Let $h(x)$ be the "triangle wave" function, such that $h(x)$ is periodic with period $1$ and has $h(x) = 2x$ for $x \in [0, 1/2]$ and $h(x) = 2 - 2x$ for $x \in [1/2, 1]$. In particular, $h$ is continuous and has $h(0) = h(1) = 0$, $h(1/2) = 1$, and $|h(x) - h(y)| \leq 2|x - y|$ for all $x, y$. Next, for each $n$, define $g_n(x)$ so that $g_n(x) = 0$ for $x < n$ and $g_n(x) = \frac{1}{n} h(3^n x)$ for $x \geq n$. With this definition, $g_n$ is continuous, and satisfies $|g_n(x) - g_n(y)| \leq \frac{2}{n} \cdot 3^n|x - y|$ for all $x, y$. Finally, define $f(x) = \sum_{n=1}^\infty g_n(x)$. Note $f$ is continuous since each $g_n$ is continuous, and all but finitely many $g_n$ vanish on $(-\infty, a)$ for each $a$.
Now we will show that $f_m \to f$ uniformly, where $f_m(x) = f(x + 3^{-m})$. For $n \geq m$, $g_n(x + 3^{-m}) = g_n(x)$ so long as $x \not \in (n - 3^{-m}, n)$, meaning $g_n(x + 3^{-m}) \neq g_n(x)$ only in $(n-1, n)$. Thus for any $x$, there is at most one $n$ with $n \geq m$ and $g_n(x + 3^{-m}) \neq g_n(x)$, and this $n$ necessarily satisfies $|g_n(x + 3^{-m}) - g_n(x)| \leq \frac{1}{n} \leq \frac{1}{m}$. Thus we have
\begin{align*}
|f(x + 3^{-m}) - f(x)| 
&= \left| \sum_{n=1}^\infty (g_n(x + 3^{-m}) - g_n(x)) \right| \\
&\leq \frac{1}{m} + \sum_{n=1}^{m-1} |g_n(x + 3^{-m}) - g_n(x)| \\
&\leq \frac{1}{m} + \sum_{n=1}^{m-1} \frac{2}{n} \cdot 3^{-(m - n)} \\
&\leq \frac{C}{m}
\end{align*}
for some sufficiently large $C$ not depending on $m$. Thus $|f_m - f| \leq C/m$, so $f_m \to f$ uniformly.
On the other hand, $f$ is not uniformly continuous.
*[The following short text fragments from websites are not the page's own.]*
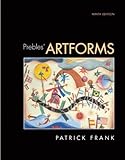 Prebles' Artforms Value Pack (includes ArtNotes for Artforms & MyArtKit Student Access ), Patrick L. Frank, 020565245X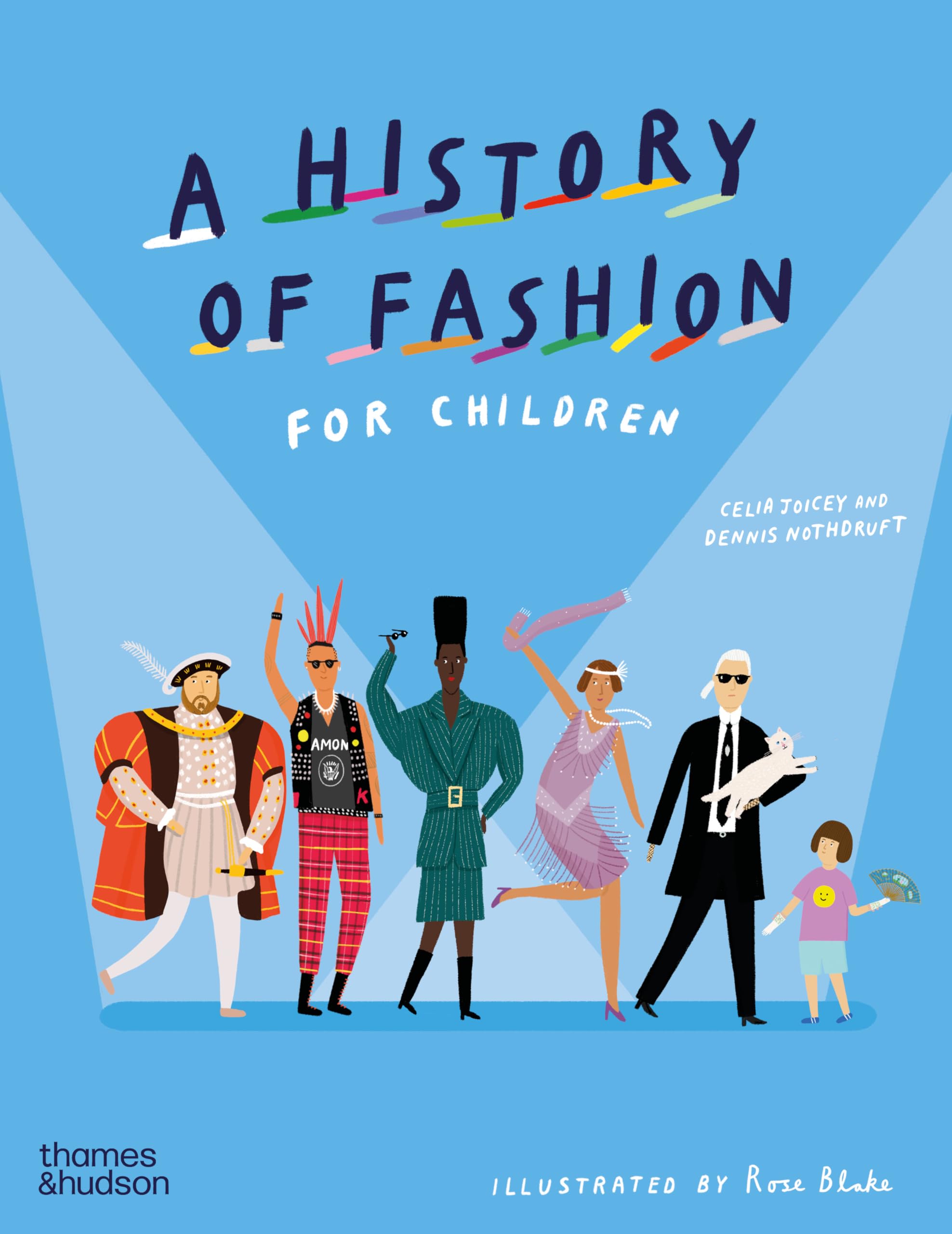 A History of Fashion for Children (History Of…, 3)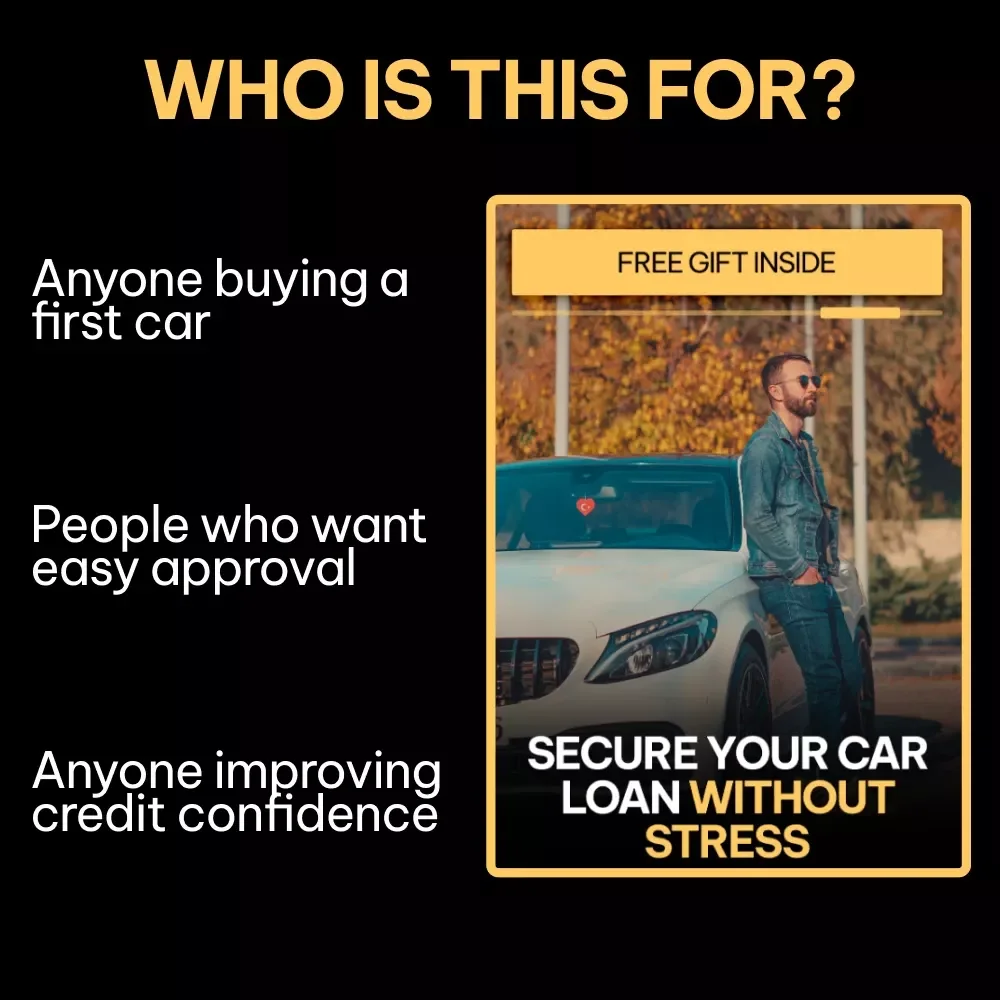 Secure Your Car Loan Without Stress – Practical Guide with Proven tips to get car loan approval, Smart Planning & AI Tools for First-Time and Repeat Buyers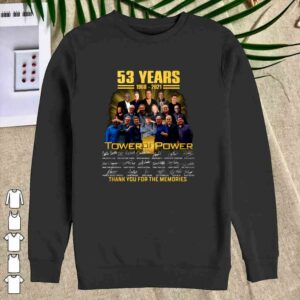 Awesome Tower of Power 53 years 1968-2021 signatures thank you for the memories shirt 2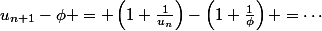 u_{n+1}-\phi = \left(1+\frac{1}{u_{n}}\right)-\left(1+\frac{1}{\phi}\right) =\cdots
Consider $x$ of the form $k + \frac{1}{2}$ for $k$ a positive integer. For $n \leq k$ we have $g_n(x) = \frac{1}{n}$ since $3^n x = 1/2$ modulo $1$, so $f(k + \frac{1}{2}) = \sum_{n=1}^k \frac{1}{n}$. In particular, letting $k \to \infty$ we see $f(k + \frac{1}{2}) \to \infty$, while $f(k) = 0$ always, so $f$ is not uniformly continuous.
A: By assumption, for every $\epsilon >0$, there is an $n_0 \in \Bbb N$ such that for every $x \in \Bbb R$
$$n \geq n_0 \implies \left| f(x) - f \left(x + \frac{1}{n} \right)  \right| < \epsilon$$Now if you repeatedly substitute $x = \pm \frac{1}{n}$ in the above inequality, we can conclude that for any two rationals $a,b$ of the form(say $*$-type) $\frac{m}{n}$, where $m,n \in \Bbb Z, n \geq n_0$, we have
$$|f(a)-f(b)| < \epsilon$$
Now observe that the rationals of the form $m,n \in \Bbb Z, 0<n < n_0$ are nowhere dense in $\Bbb R$. Therefore rationals of $*$-type are dense in $\Bbb R$(we are using the fact that the rationals are dense in $\Bbb R$). Since $f$ is continuous, we obtain that for any two real numbers $x,y$
$$|f(x)-f(y)| \leq \epsilon$$
But since $\epsilon$ was arbitrary, we can conclude that $f$ must be a constant function which is trivially uniformly continuous.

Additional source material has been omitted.